▶ [EXERCISE PROMPT]:
I would like every record reproduced exactly, with the pictures left out.
*** Opening MATERIAL TO PROCESS ***
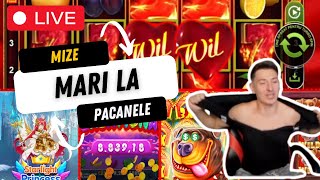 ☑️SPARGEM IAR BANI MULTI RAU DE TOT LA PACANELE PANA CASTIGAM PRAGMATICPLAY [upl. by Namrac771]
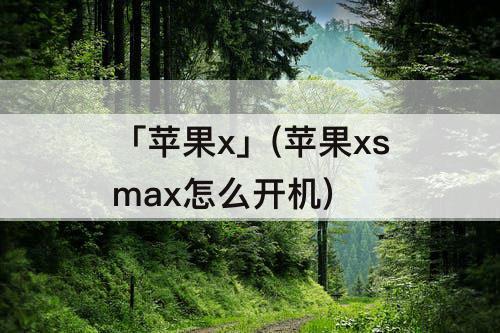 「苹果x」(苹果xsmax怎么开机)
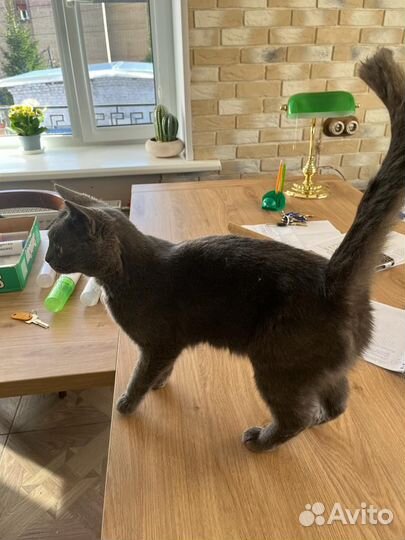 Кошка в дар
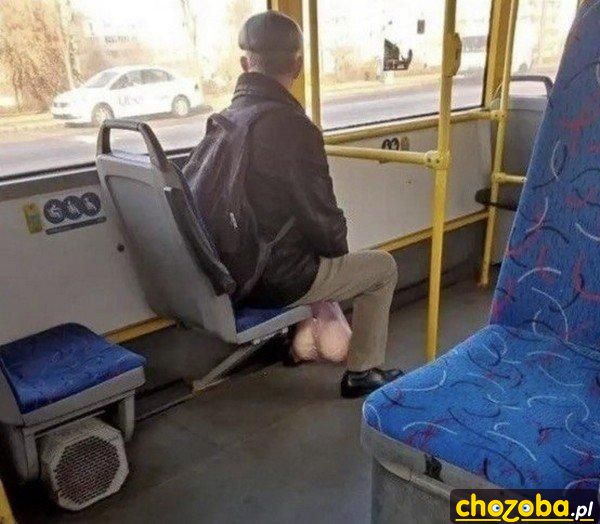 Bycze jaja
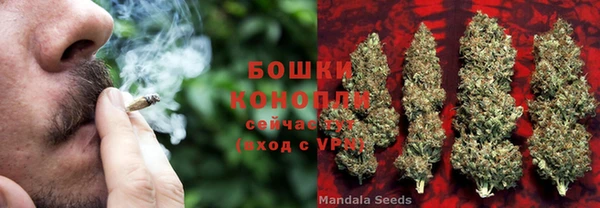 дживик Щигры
*** Closing MATERIAL TO PROCESS ***
▶ [YOUR SOLUTION]:
 ☑️SPARGEM IAR BANI MULTI RAU DE TOT LA PACANELE PANA CASTIGAM PRAGMATICPLAY [upl. by Namrac771]
 「苹果x」(苹果xsmax怎么开机)
 Кошка в дар
 Bycze jaja
 дживик Щигры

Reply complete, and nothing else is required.